* **PROBLEM TO SOLVE**:
Instruction for the entries below: return the part that opens with the line containing "Elojob Promocional| Escolha" and closes with the line containing "[Palette Box] King", exactly, and no pictures.

* **RECORDS SUPPLIED**:
....
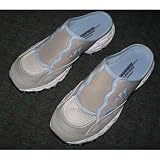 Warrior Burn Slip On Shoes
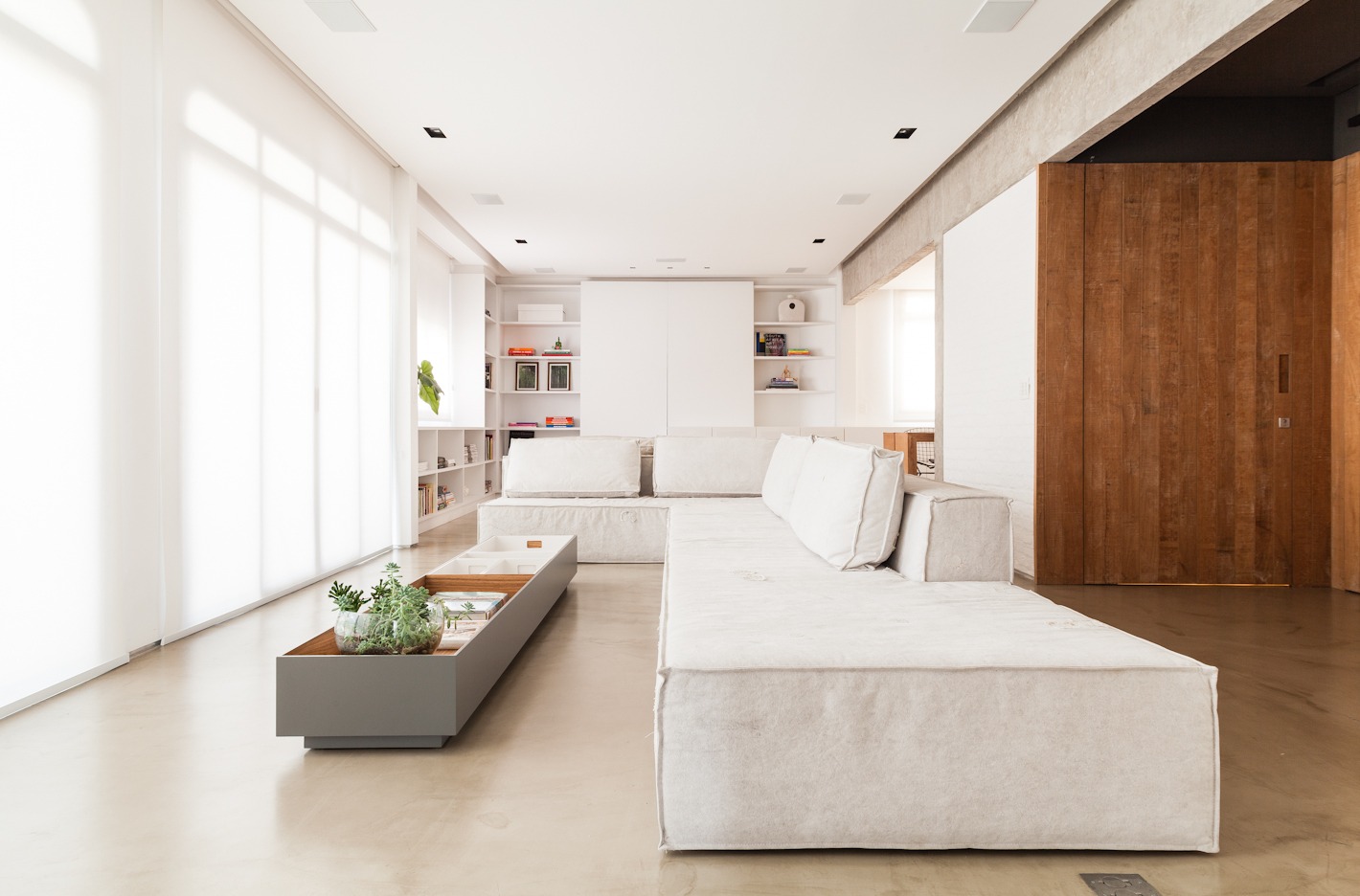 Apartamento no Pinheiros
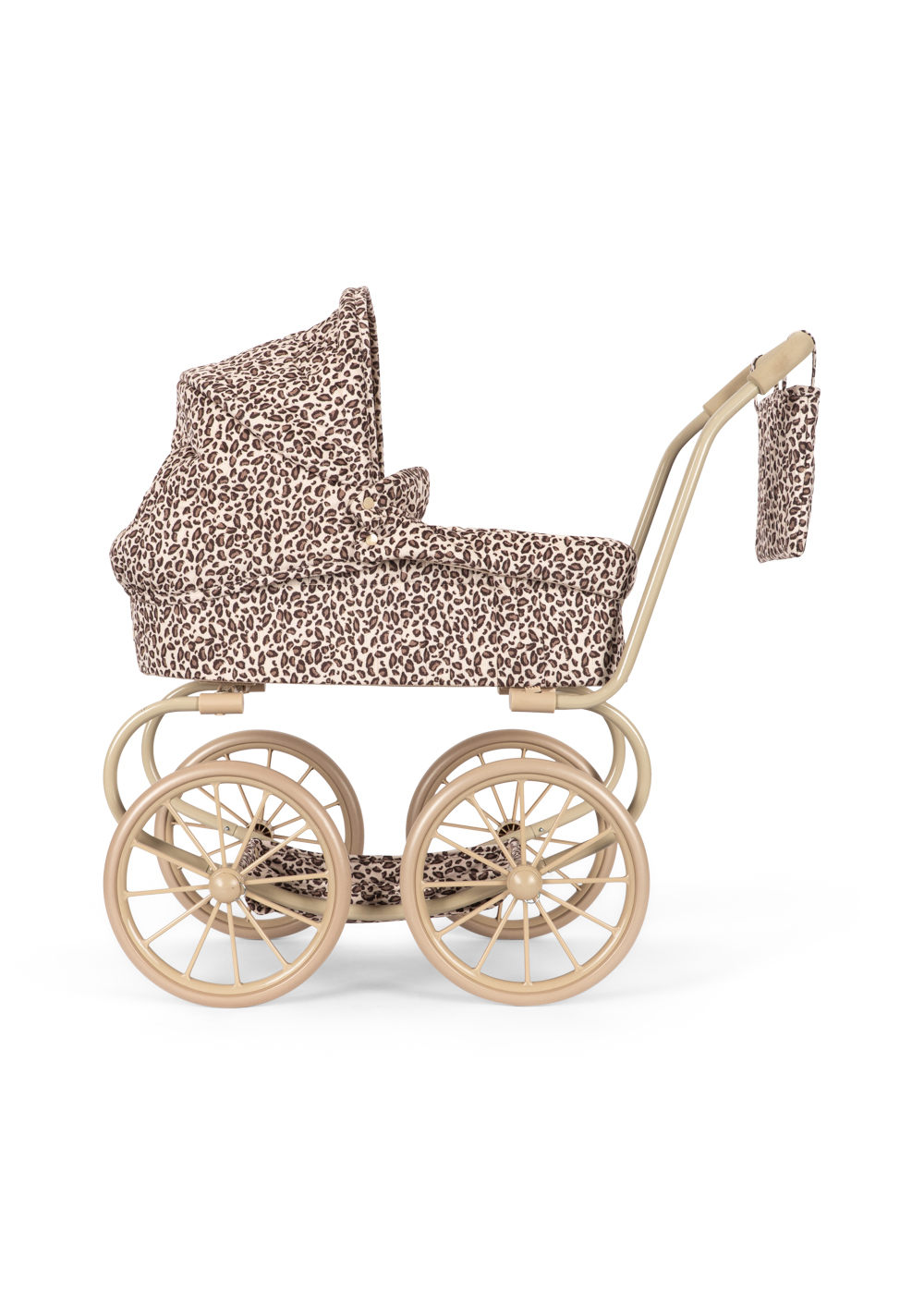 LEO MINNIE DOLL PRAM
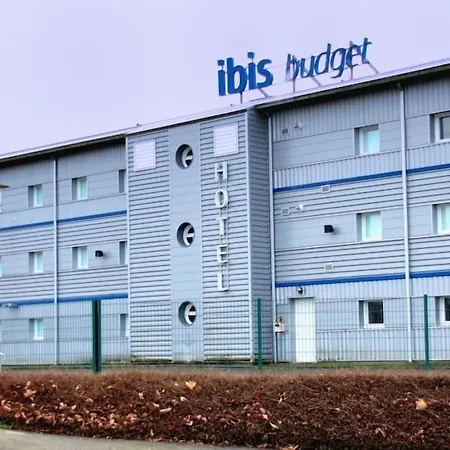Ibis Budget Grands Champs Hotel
....
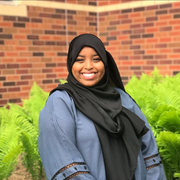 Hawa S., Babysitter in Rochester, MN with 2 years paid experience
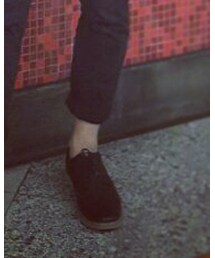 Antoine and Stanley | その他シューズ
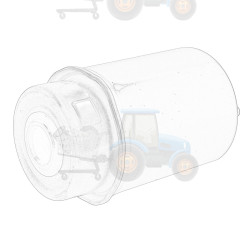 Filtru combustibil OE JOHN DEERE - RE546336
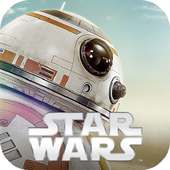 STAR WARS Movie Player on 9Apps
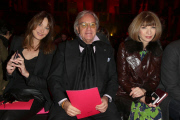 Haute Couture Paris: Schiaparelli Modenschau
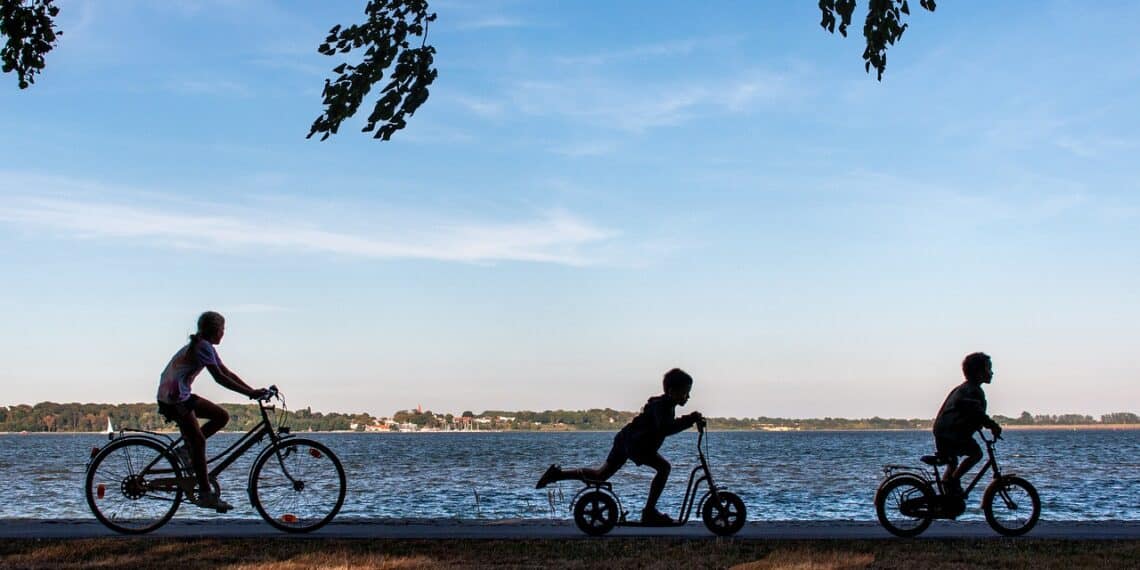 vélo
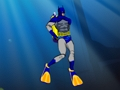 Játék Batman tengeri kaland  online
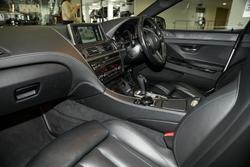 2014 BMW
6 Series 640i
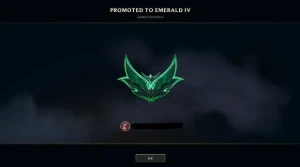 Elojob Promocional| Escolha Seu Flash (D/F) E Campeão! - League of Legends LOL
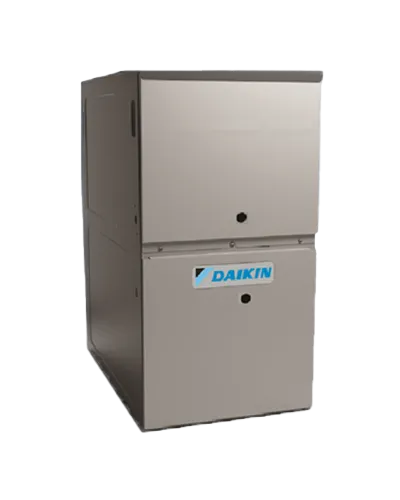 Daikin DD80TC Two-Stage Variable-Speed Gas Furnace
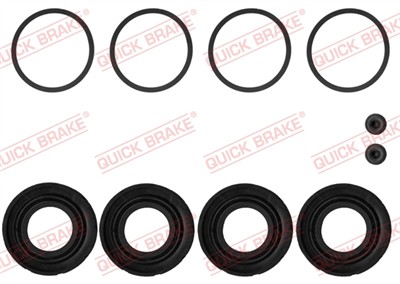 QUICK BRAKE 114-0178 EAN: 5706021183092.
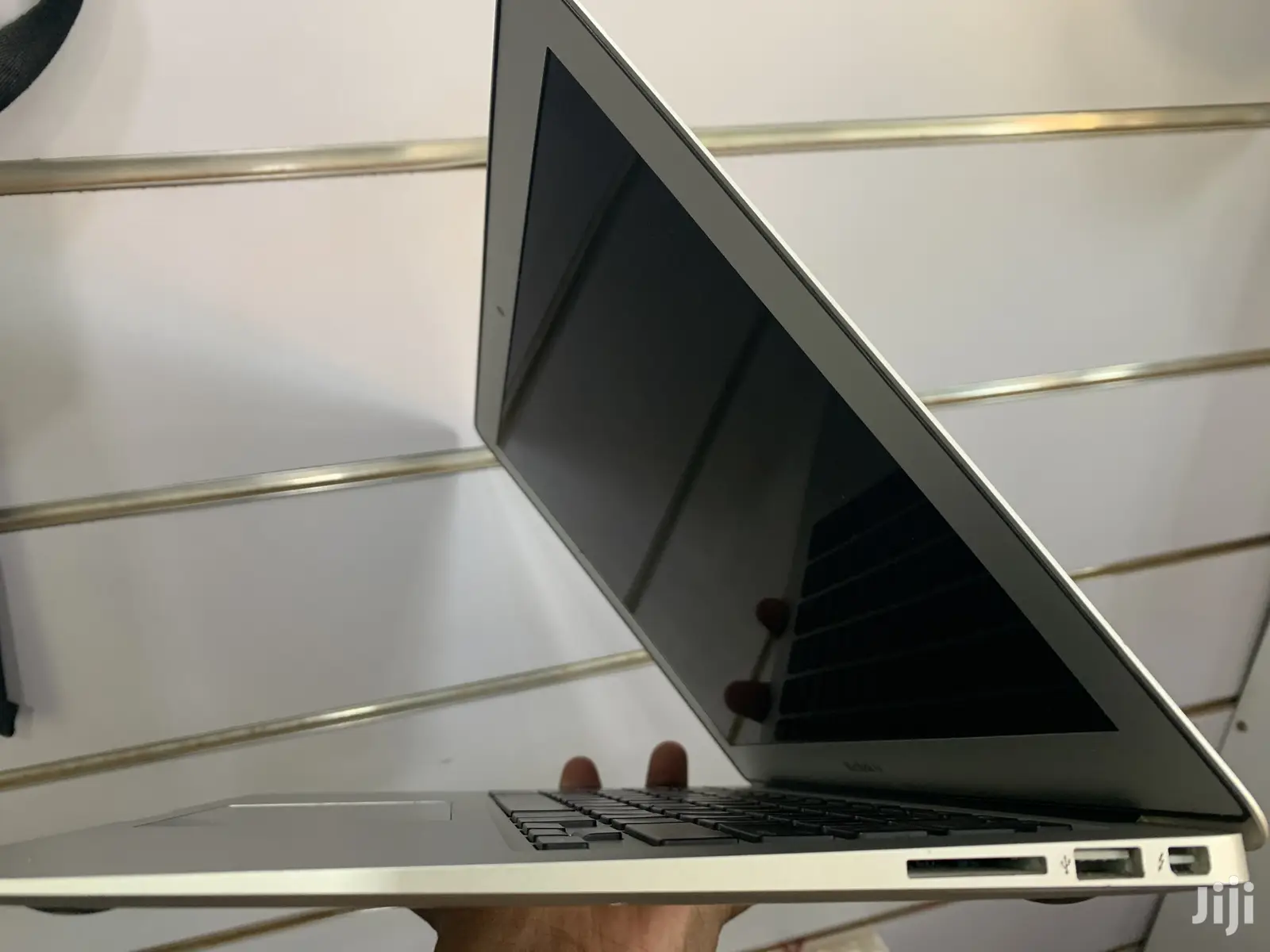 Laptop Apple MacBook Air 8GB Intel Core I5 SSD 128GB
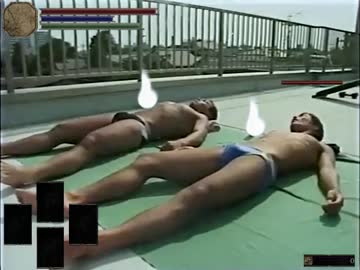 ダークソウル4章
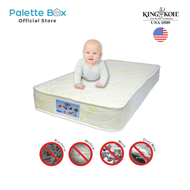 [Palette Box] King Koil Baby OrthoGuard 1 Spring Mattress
....
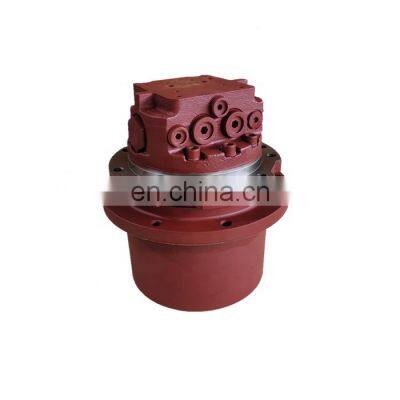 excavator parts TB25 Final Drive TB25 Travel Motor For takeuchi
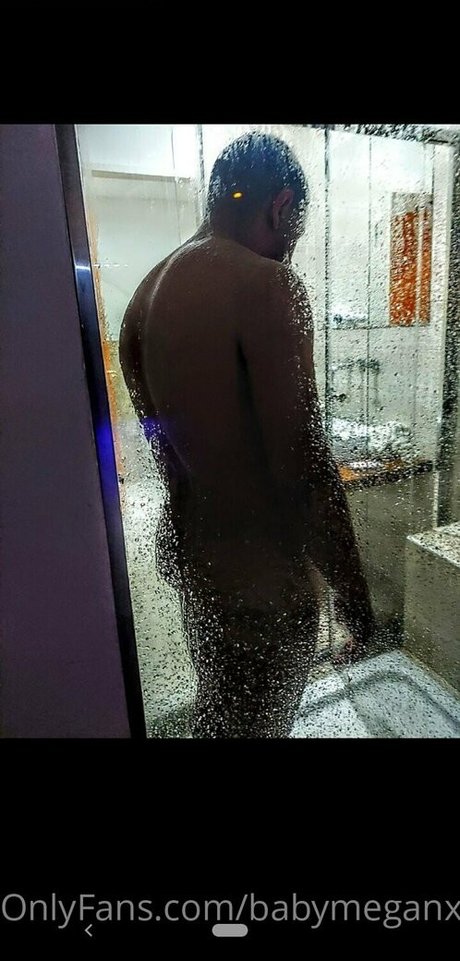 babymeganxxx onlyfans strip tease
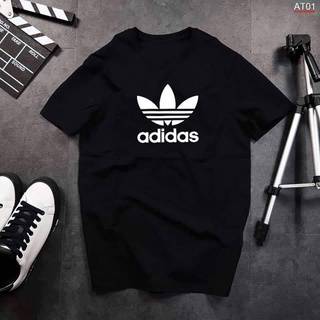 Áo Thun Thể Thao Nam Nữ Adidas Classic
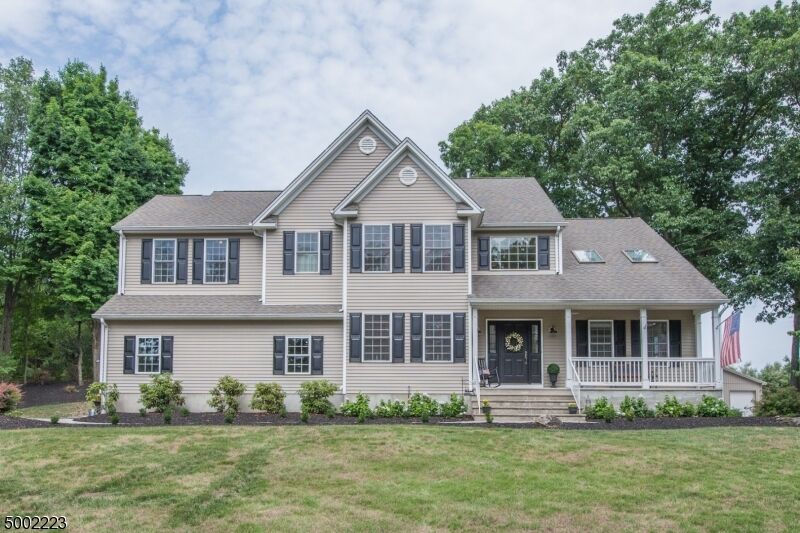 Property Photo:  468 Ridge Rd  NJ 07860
....
* **OUTPUT OF THE EXERCISE**:
 Elojob Promocional| Escolha Seu Flash (D/F) E Campeão! - League of Legends LOL
 Daikin DD80TC Two-Stage Variable-Speed Gas Furnace
 QUICK BRAKE 114-0178 EAN: 5706021183092.
 Laptop Apple MacBook Air 8GB Intel Core I5 SSD 128GB
 ダークソウル4章
 [Palette Box] King Koil Baby OrthoGuard 1 Spring Mattress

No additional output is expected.